Last week, we received an interesting and challenging letter from InspireChilli’s Team Young People. It asked us to question what it means to be a ‘young person’, and what it is about the 16-25 age range that’s so different from 26-30 – especially in today’s climate.
“It is certainly true that, aged over 25, something shifts that means you are no longer just a young person; but neither are you a fully formed independent adult. There still seems a need for opportunities to fit this ‘in between’ stage of emerging adulthood to help people complete a healthy transition. Instead of being able to find and create these opportunities, our experience is that young adults end up excluded from the things they recognise as increasingly useful.
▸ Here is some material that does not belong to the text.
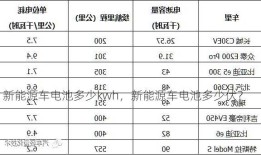 新能源车电池多少kwh，新能源车电池多少伏？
“According to current data from the national office of statistics, the transition to employment occurs at a later age than ever before, with only 50% of young people starting a full-time work experience by the age of 19. Young people are also living with their parents longer, with 10% more 26-year-olds in 2017 than in 1997. Only by the age of 30 do the figures between 1997 and 2017 level out, suggesting that the transition beyond the family home takes 5 years longer than before. It is not until 34 that 50% of young adults are able to own their own home. Instead, the majority of 25-34-year-olds rent, 20% more than in 1998.
“Why then, we ask, would any organisation draw the line at 25? Looking in from outside, we are influenced to see ourselves as too old – and feel we have failed because we still have things we want to achieve. Even at 26 we have potential ahead of us, don’t you agree? We are still ‘opportunity youth’ evolving into adult identities, seeking to take control of our lives and do meaningful things with and for others.”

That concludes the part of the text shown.